Task: Required from the data below: the exact lines starting at the line containing "Cervene sandalky, 37" and ending at the line containing "6505 Promontory Dr, Eden Prairie, MN 55346", with both ends kept and all pictures dropped.

Records supplied:
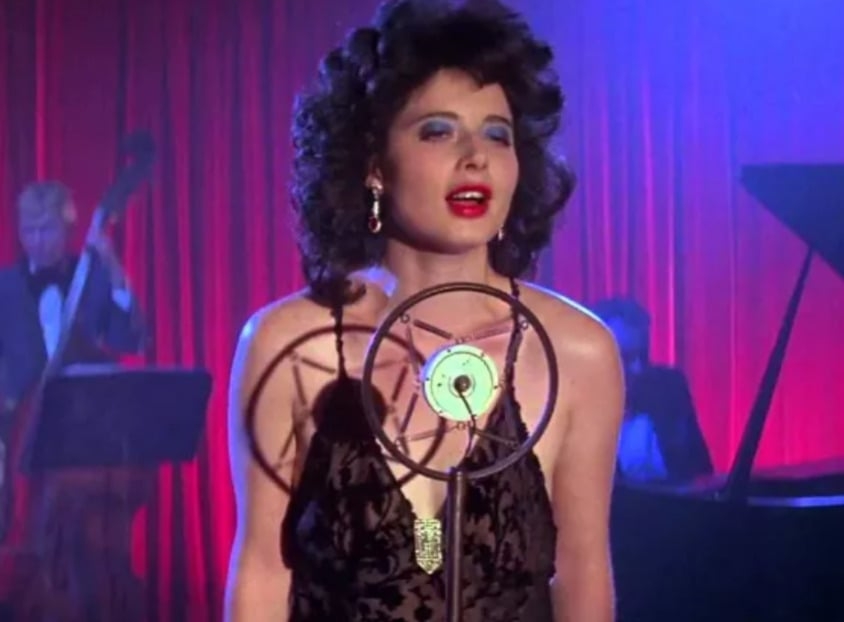 Outro homenageado por Rossellini foi o cineasta americano David Lynch, morto em 15/01. A atriz ítalo-americana foi uma das protagonistas de “Veludo Azul”, de 1986, filme que rendeu a Lynch a indicação ao Oscar de Melhor Diretor.
 Reprodução: Flipar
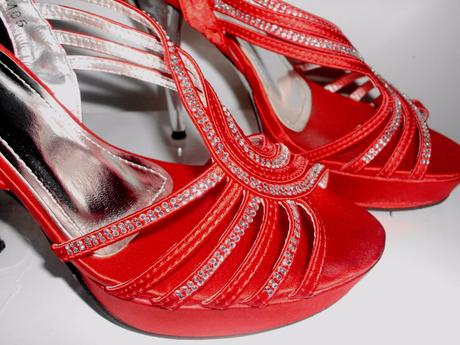 Cervene sandalky, 37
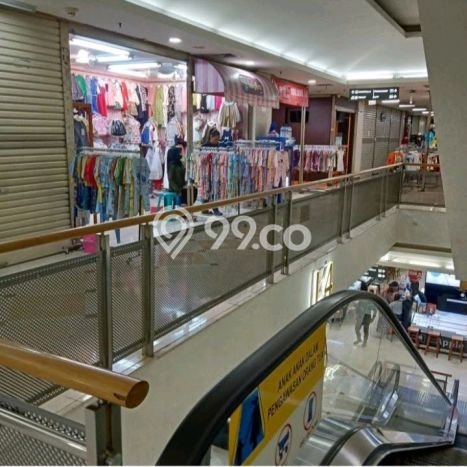 Komersial untuk Disewa di Pusat Jakarta Selatan Luas Bangunan 8m2 Komersial untuk Disewa di Pusat Jakarta Selatan Luas Bangunan 8m2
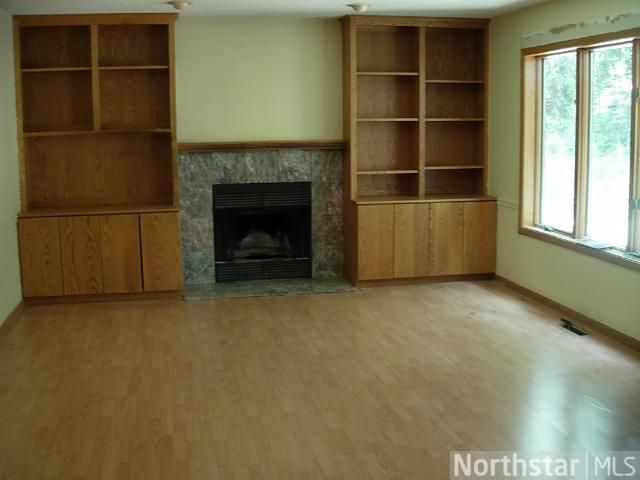 6505 Promontory Dr, Eden Prairie, MN 55346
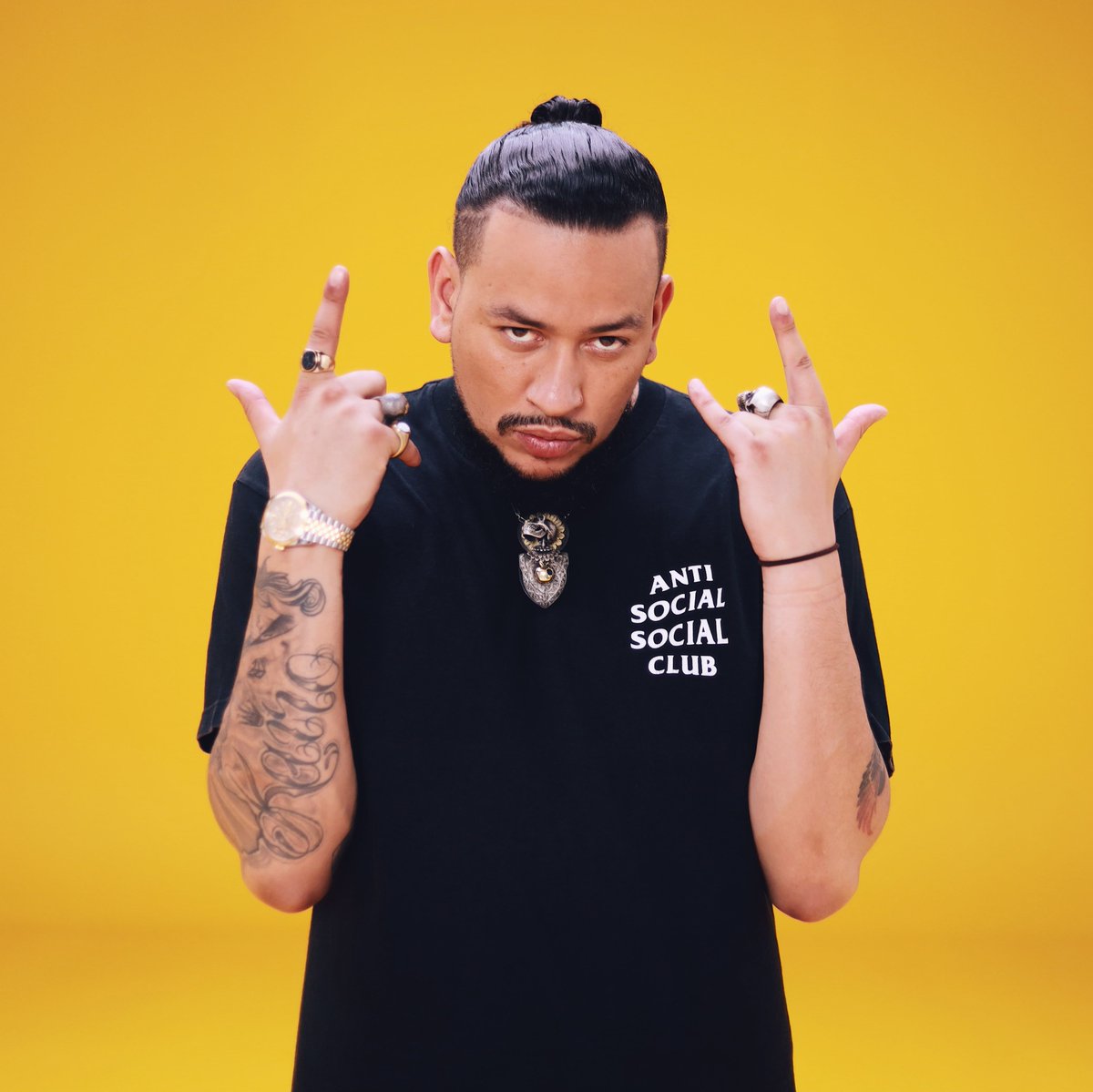 vthseason's tweet photo. Happy Birthday to #SupaMega the #3rdWorldBoss himself, @akaworldwide 🥂 cheers🥂 to many more years 

#Bhovamania #Kiernan https://t.co/8xrWryboIe
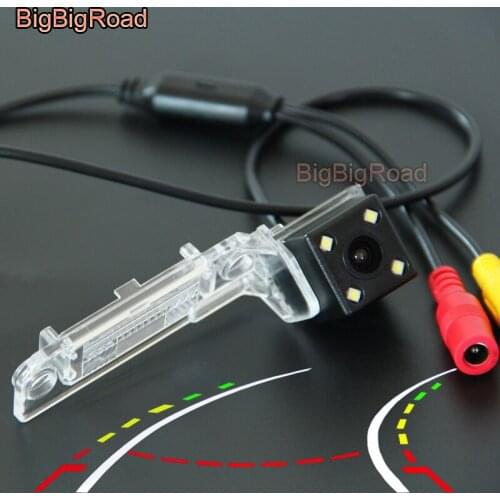 BigBigRoad For Golf Plus Cross golf Passat Lingyu / Skoda Superb Car Intelligent Dynamic Trajectory Tracks Rear View Camera
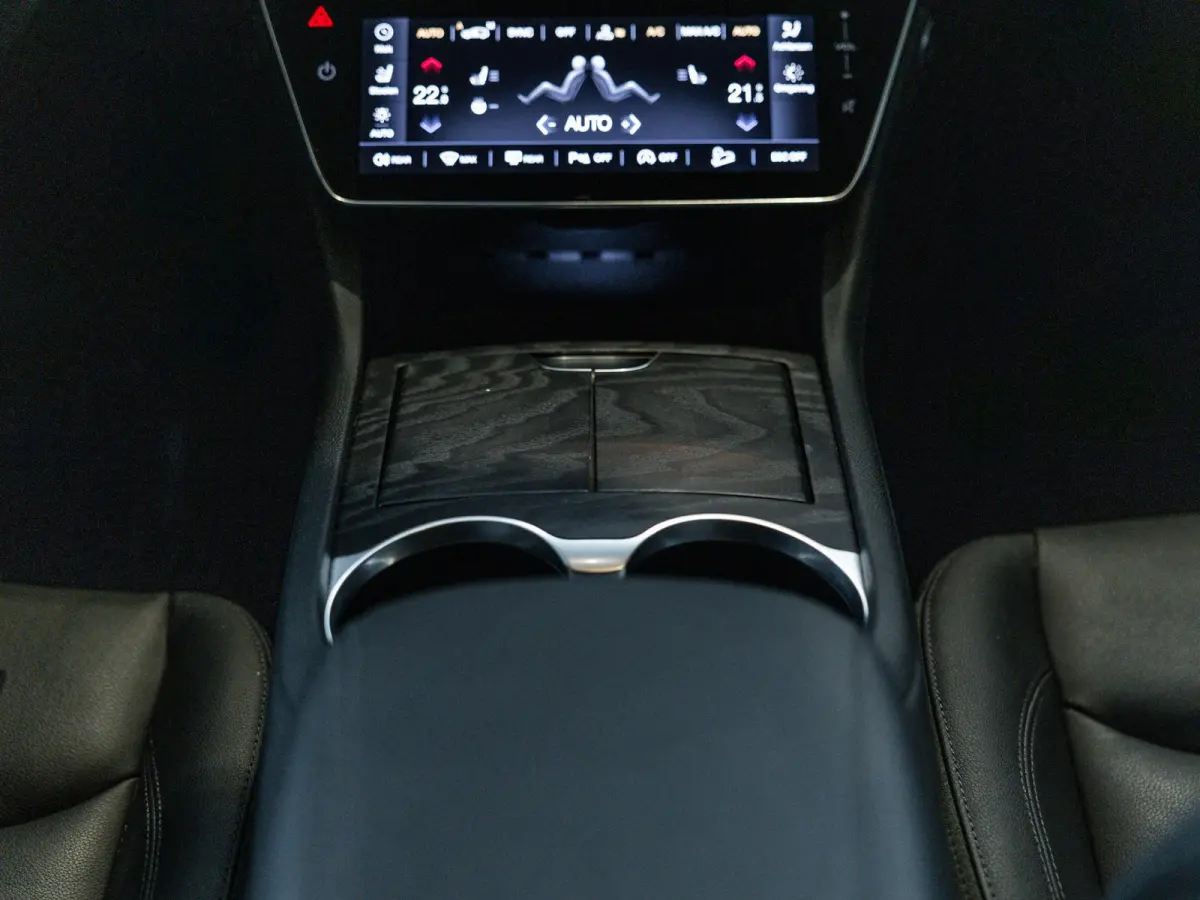 2.0 MHEV GT 300pk | 2 jaar garantie | Stoel- en stuurverwarming | Leder | Panoramadak | 20" velgen | Head Up Display | All Season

Task solution:
 Cervene sandalky, 37
 Komersial untuk Disewa di Pusat Jakarta Selatan Luas Bangunan 8m2 Komersial untuk Disewa di Pusat Jakarta Selatan Luas Bangunan 8m2
 6505 Promontory Dr, Eden Prairie, MN 55346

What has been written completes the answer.